Castilla y León registró un total de 4.476 disoluciones matrimoniales en 2008, cifra que representó un 15,45 por ciento menos que en 2007, cuando se rompieron 5.294 enlaces. De esta forma, el descenso autonómico supera la media nacional que se situó el pasado año en el 13,5 por ciento ya que en el conjunto del Estado se pusieron fin a 118.939 casamientos frente a los 137.510 de hace dos años, según la estadística de Nulidades, Separaciones y Divorcios publicada hoy por el Instituto Nacional de Estadística (INE).

Asimismo en Castilla y León el número de rupturas equivale a 1,75 disoluciones por cada millar de habitantes por lo que la Comunidad fue donde menos disoluciones se produjeron en términos porcentuales, junto con Extremadura (1,8) y Castilla-La Mancha (1,83). Sin embargo, en 2007 en la autonomía se ponía a fin a 2,09 enlaces por cada 1.000 habitantes, por lo que, el pasado ejercicio se puso fin a la tendencia de incremento registrada en los últimos años ya que se redujeron las disoluciones. Aunque la media española es superior ya que se colocó en el 2,58.
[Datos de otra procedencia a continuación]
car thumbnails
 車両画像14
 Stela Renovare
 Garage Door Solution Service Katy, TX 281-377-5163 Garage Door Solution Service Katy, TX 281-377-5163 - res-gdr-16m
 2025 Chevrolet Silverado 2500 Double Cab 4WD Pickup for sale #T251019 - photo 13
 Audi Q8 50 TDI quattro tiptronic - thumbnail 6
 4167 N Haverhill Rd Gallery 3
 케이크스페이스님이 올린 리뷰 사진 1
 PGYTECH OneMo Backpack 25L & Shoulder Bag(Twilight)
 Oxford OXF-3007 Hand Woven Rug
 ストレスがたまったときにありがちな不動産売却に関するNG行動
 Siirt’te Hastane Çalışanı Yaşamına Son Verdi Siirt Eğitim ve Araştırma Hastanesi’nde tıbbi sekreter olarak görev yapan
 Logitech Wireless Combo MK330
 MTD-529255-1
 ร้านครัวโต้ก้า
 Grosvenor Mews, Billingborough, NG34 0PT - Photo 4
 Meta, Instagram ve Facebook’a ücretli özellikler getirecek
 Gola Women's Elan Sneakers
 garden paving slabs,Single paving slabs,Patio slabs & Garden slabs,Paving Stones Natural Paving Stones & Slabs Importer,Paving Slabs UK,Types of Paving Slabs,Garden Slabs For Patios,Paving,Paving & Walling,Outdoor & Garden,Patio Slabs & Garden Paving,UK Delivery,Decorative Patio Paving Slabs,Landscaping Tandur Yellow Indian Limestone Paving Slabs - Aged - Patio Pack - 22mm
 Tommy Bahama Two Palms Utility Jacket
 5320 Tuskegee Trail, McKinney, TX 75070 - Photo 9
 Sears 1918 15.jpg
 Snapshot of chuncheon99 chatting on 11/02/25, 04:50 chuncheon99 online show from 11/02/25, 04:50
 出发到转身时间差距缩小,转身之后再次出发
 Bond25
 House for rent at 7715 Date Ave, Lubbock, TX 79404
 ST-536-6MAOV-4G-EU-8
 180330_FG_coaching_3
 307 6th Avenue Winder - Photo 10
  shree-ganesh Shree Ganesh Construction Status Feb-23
Por tipos, el divorcio absorbió la casi totalidad de las disoluciones con 4.044 casos, un 14,26 menos que en 2007; seguida de las separaciones 421 frente a las 569 y las nulidades (siete). Estas cifras fueron similares proporcionalmente a las del conjunto de las autonomías, donde hubo 110.036 divorcios, 8.761 separaciones y 142 nulidades.

Por provincias, la lista la lidera León (1.046 disoluciones), seguida muy de cerca por Valladolid (1.018). A continuación se encuentran Salamanca (617), Burgos (600), Zamora (298), Palencia (305), Segovia (228), Ávila (222) y Soria (142).